RECORDS
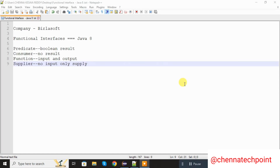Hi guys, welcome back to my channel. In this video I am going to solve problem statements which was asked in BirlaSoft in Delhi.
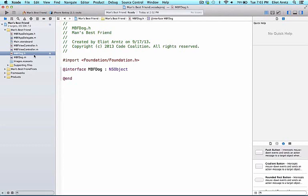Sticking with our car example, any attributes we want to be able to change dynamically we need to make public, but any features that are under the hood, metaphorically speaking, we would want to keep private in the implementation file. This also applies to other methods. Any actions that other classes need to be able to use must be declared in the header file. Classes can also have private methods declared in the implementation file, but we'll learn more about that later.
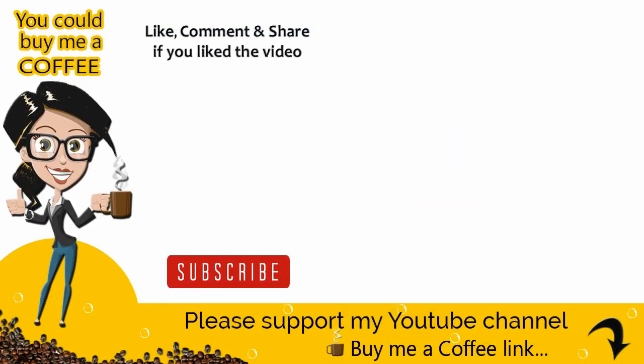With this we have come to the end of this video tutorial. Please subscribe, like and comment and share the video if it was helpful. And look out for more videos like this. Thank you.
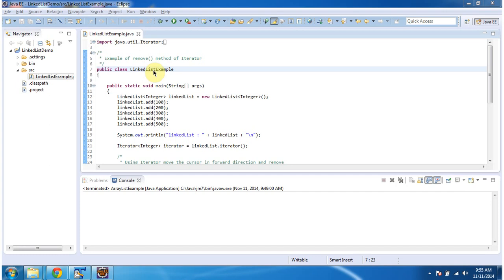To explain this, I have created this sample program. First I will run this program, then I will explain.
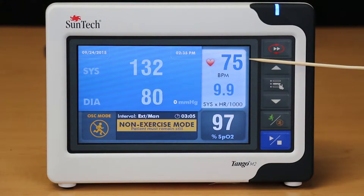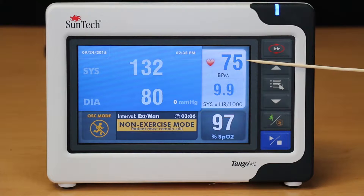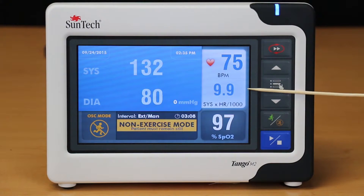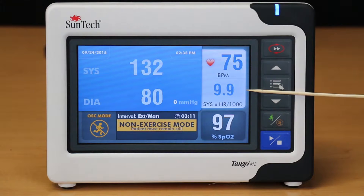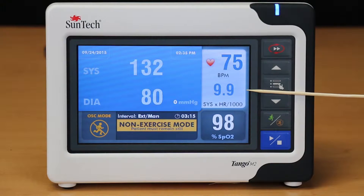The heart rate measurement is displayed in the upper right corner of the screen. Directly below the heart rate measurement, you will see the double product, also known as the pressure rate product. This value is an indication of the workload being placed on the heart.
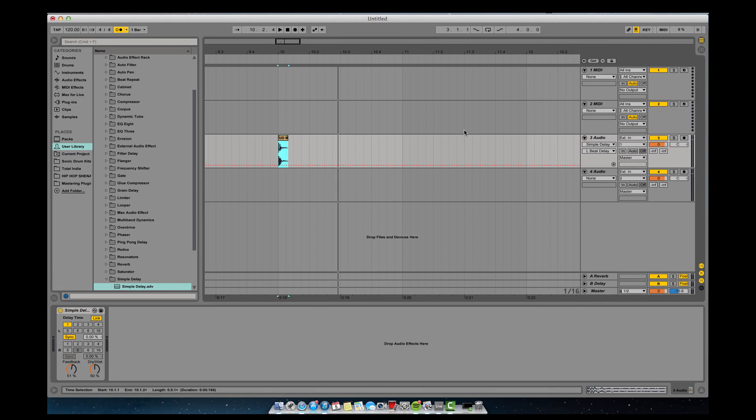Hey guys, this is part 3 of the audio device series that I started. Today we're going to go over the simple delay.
...
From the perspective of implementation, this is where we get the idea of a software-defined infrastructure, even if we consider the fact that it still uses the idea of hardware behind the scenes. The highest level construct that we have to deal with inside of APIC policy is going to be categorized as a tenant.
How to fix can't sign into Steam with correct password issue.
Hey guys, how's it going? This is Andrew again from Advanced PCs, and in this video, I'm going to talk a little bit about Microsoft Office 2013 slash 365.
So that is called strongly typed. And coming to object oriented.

YOUR ASSIGNMENT
Return only the part above that opens with the line containing "Hi guys, welcome" and closes with the line containing "Hey guys, this", exactly and with both ends, skipping the pictures.

TASK RESPONSE
Hi guys, welcome back to my channel. In this video I am going to solve problem statements which was asked in BirlaSoft in Delhi.
Sticking with our car example, any attributes we want to be able to change dynamically we need to make public, but any features that are under the hood, metaphorically speaking, we would want to keep private in the implementation file. This also applies to other methods. Any actions that other classes need to be able to use must be declared in the header file. Classes can also have private methods declared in the implementation file, but we'll learn more about that later.
With this we have come to the end of this video tutorial. Please subscribe, like and comment and share the video if it was helpful. And look out for more videos like this. Thank you.
To explain this, I have created this sample program. First I will run this program, then I will explain.
The heart rate measurement is displayed in the upper right corner of the screen. Directly below the heart rate measurement, you will see the double product, also known as the pressure rate product. This value is an indication of the workload being placed on the heart.
Hey guys, this is part 3 of the audio device series that I started. Today we're going to go over the simple delay.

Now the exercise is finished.